BENJAMIN STEINBRUCH Manter o moral


Folha de S.Paulo, 20/11/2012
As preocupações do país não justificam a volta de manifestações do velho complexo de inferioridade
Durante décadas, muito se falou a respeito da ausência de autoestima do brasileiro. Ficou célebre a expressão "complexo de vira-latas", cunhada pelo dramaturgo Nelson Rodrigues depois que o Brasil perdeu a Copa do Mundo de 1950 para o Uruguai, em pleno Maracanã.
Eu mesmo já abordei o tema neste espaço, comentando que o complexo de inferioridade do brasileiro prejudicava demais o país, porque as pessoas não acreditavam em perspectivas de melhora tanto na vida pessoal quanto no trabalho. Sem elevada autoestima, eram mais raras as atitudes corajosas, faltava segurança em relação ao futuro e não havia muita motivação para realizações pessoais e para empreender na área de negócios.
Felizmente, isso mudou a partir do início deste século. Por ironia, uma parte do estímulo para que os brasileiros superassem o complexo de vira-latas veio do exterior. Como integrante do bloco dos Brics, acróstico criado por um trabalho dos economistas do Goldman Sachs, o Brasil passou a ser olhado como potência emergente, ao lado de China, Índia e Rússia. A prestigiosa revista "Economist" fez recentemente uma capa que mostrava o Cristo Redentor decolando como um foguete.
Quem costuma viajar ao exterior, fazendo turismo ou negócios, sabe como mudou para melhor a imagem do Brasil lá fora. Mas a volta da autoestima do brasileiro ocorreu também por méritos próprios. E uma das razões foi o aumento do emprego, que é o maior trunfo para elevar a confiança em si mesmo. Quando está desempregado, um chefe de família perde totalmente a dignidade humana, porque não pode honrar compromissos, cuidar adequadamente da família e prover educação, alimentação e saúde aos filhos.

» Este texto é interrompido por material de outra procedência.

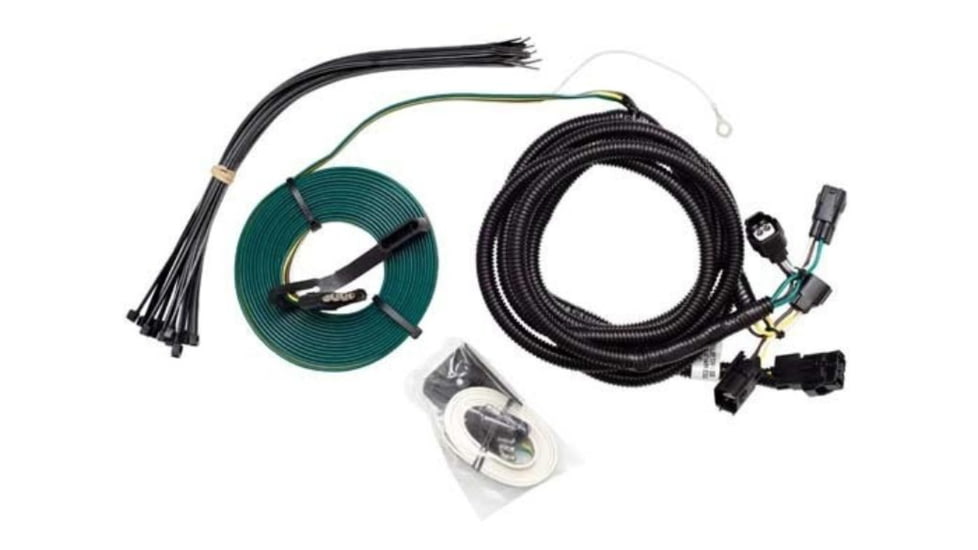 Demco Towed Connector Vehicle Wiring Kit For Ford F 150 15 18, 9523151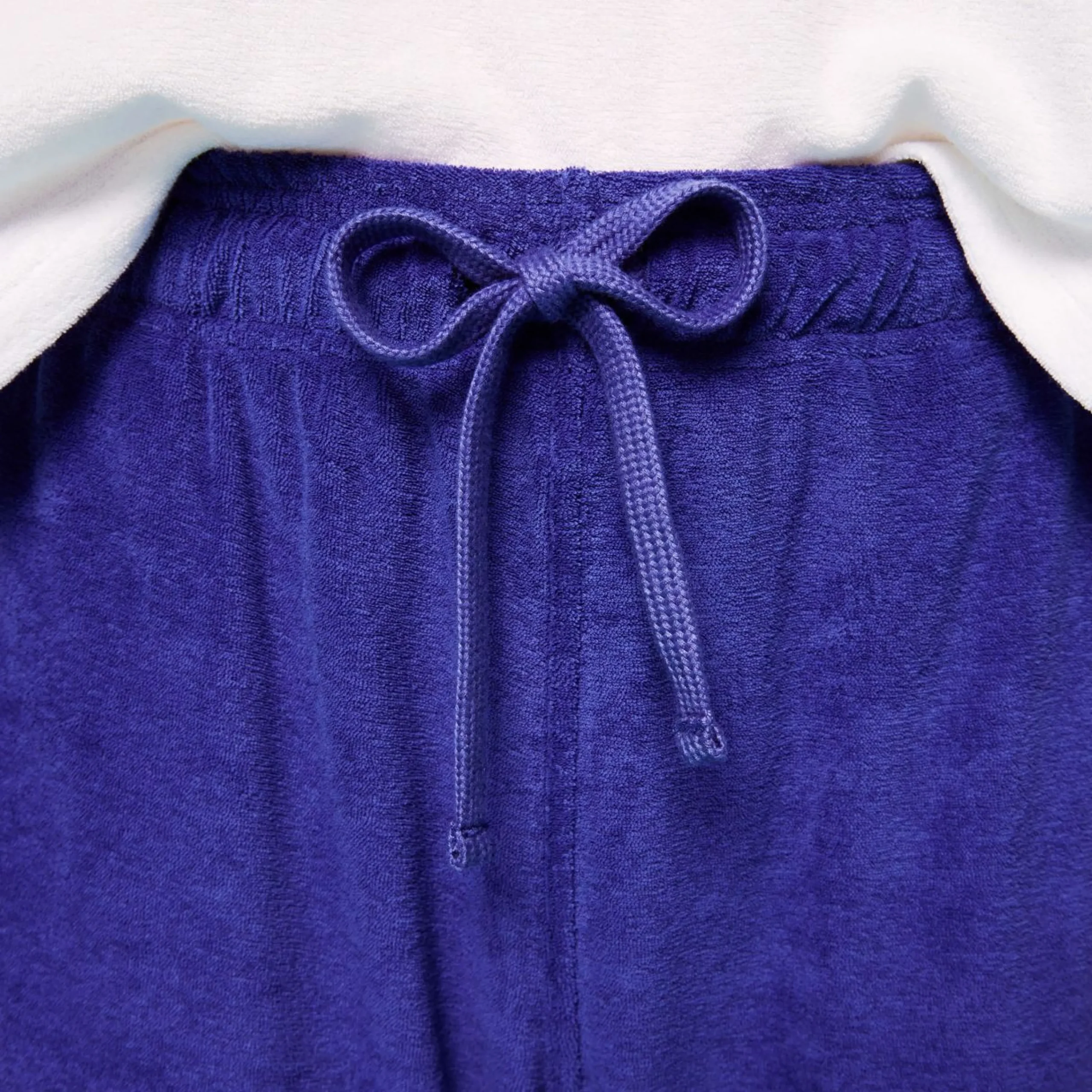 Homme Vilebrequin Loungewear^Bermuda En Eponge Unisexe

A queda do desemprego, portanto, uma magnífica conquista da sociedade brasileira nos últimos anos, tem tudo a ver com a melhora da autoestima dos brasileiros. O índice de desemprego estava em 5,4% em setembro, uma das menores taxas desde que se passou a fazer pesquisas sistemáticas sobre o tema no país.
Ao se aproximar o fim do ano, abordo o tema da autoestima porque o país viveu um ano de baixo crescimento econômico -o PIB deve avançar apenas 1,5% neste ano- e os elogios dos estrangeiros ao Brasil já não são tão frequentes quanto antes. Internamente, também já aparece um certo pessimismo que considero injustificável, porque, apesar do desaquecimento, os níveis de emprego estão sendo preservados e até continuam a aumentar. Cerca de 1,8 milhão de vagas devem ser criadas neste ano.

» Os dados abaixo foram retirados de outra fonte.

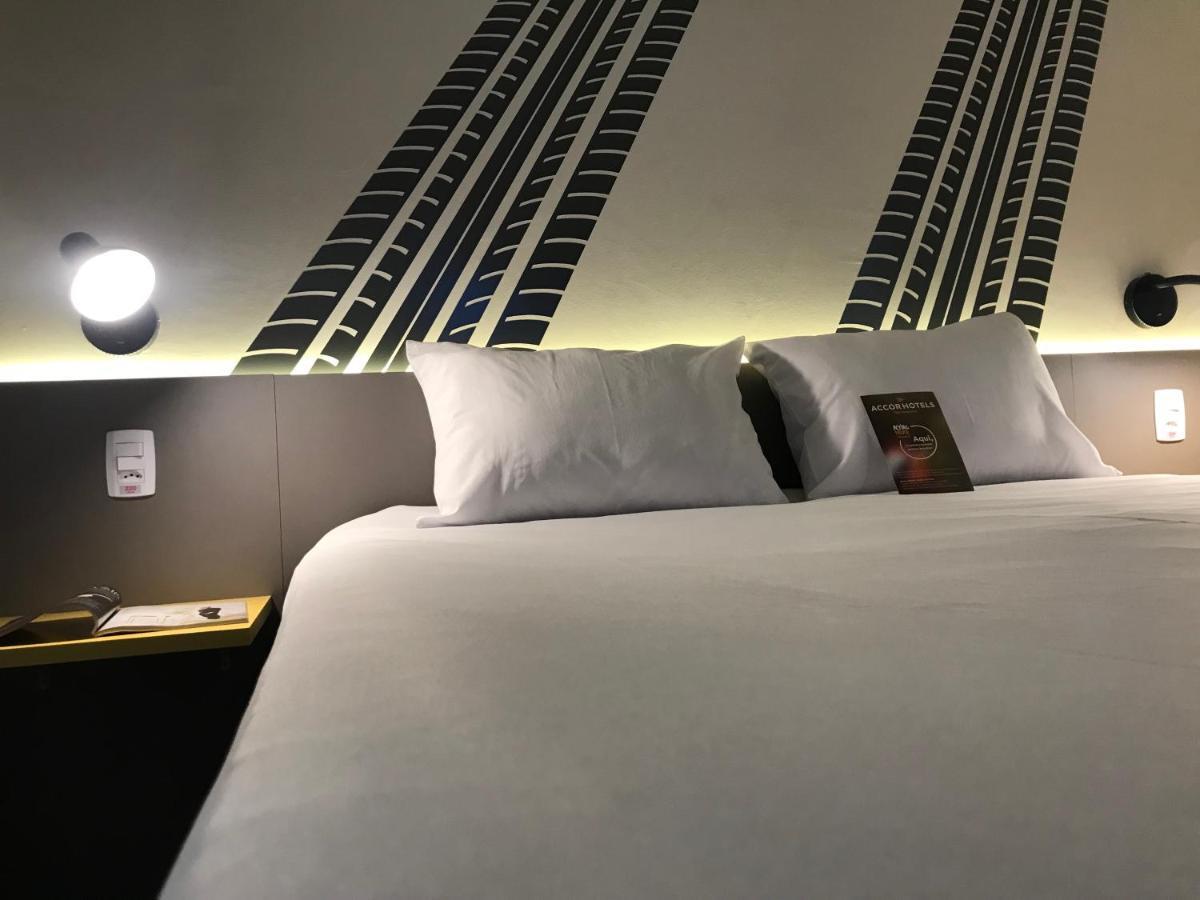 Готель Ibis Styles Трес-Ріус Екстер'єр фото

Sem dúvida, há desafios pela frente. A crise global não dá trégua e parece longe de uma solução na União Europeia, que voltou à recessão no terceiro trimestre.
No Brasil, os investimentos continuam fracos tanto no setor público quanto no privado, travados até mais por problemas de gestão e burocracias do que por falta de recursos. A infraestrutura inadequada reduz a competitividade da produção em geral. A indústria parou de crescer, por perda de produtividade e pela invasão de itens importados, muitos deles fabricados com subsídios em seus países de origem.

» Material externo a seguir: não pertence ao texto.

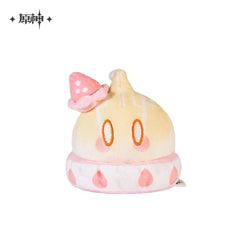 Genshin Impact Slime Dessert Party Series Plush Toy (ONLINE ORDER ONLY)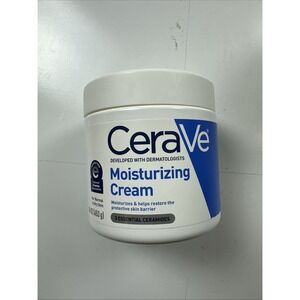 CeraVe Moisturizing Cream 16 oz NEW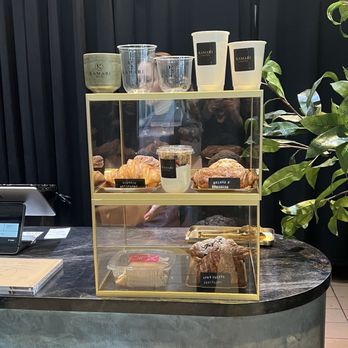 Kamari Coffee - Bakery - Coffee & Tea Near Me - San Francisco, California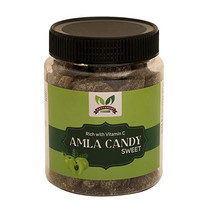 Amla Candy Dry Berries Calorie Dry 100% Natural Indian Salty Gooseberry 350 Gram - £11.19 GBP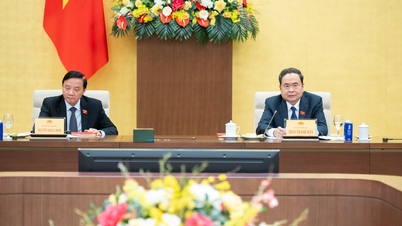 Lần đầu tiên Ủy ban Thường vụ Quốc hội tổ chức Diễn đàn xây dựng pháp luật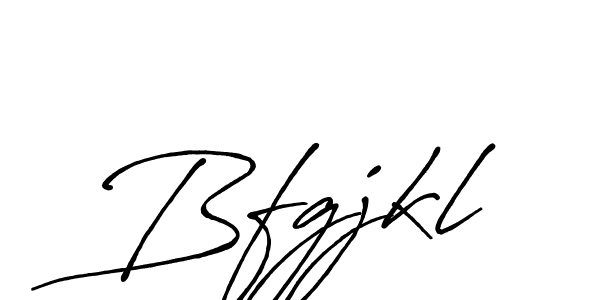 Antro_Vectra_Bolder is a professional signature style that is perfect for those who want to add a touch of class to their signature. It is also a great choice for those who want to make their signature more unique. Get Bfgjkl name to fancy signature for free. Bfgjkl signature style 7 images and pictures png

Na educação e na saúde, os desafios continuam enormes. A insegurança nas grandes cidades é aflitiva, apesar dos esforços das autoridades nessa área.
Tudo isso é razão para preocupações com o país no médio prazo. Com toda a certeza, porém, não justifica a volta de manifestações do velho complexo de inferioridade.
O pior que poderia acontecer para o país neste momento seria a perda de autoestima e a retomada de atitudes do tempo do complexo de vira-latas. Atitude corajosa de crença em si mesmo e no país é o que se espera do brasileiro, no governo ou no setor privado.
Afinal, quase cinco anos já se passaram desde o início da grande crise mundial, a maior desde os anos 1930, e o Brasil continua em pé. Não há razão para perder a autoestima, até porque vêm aí grandes eventos, como a Copa e a Olimpíada, em que o país será protagonista.
No rastro da baixa autoestima em geral prosperam o conservadorismo econômico e o racionalismo frio de economistas que consideram a recessão como um sofrimento necessário. Algo como o que se vê hoje em parte da Europa e que não queremos para o Brasil.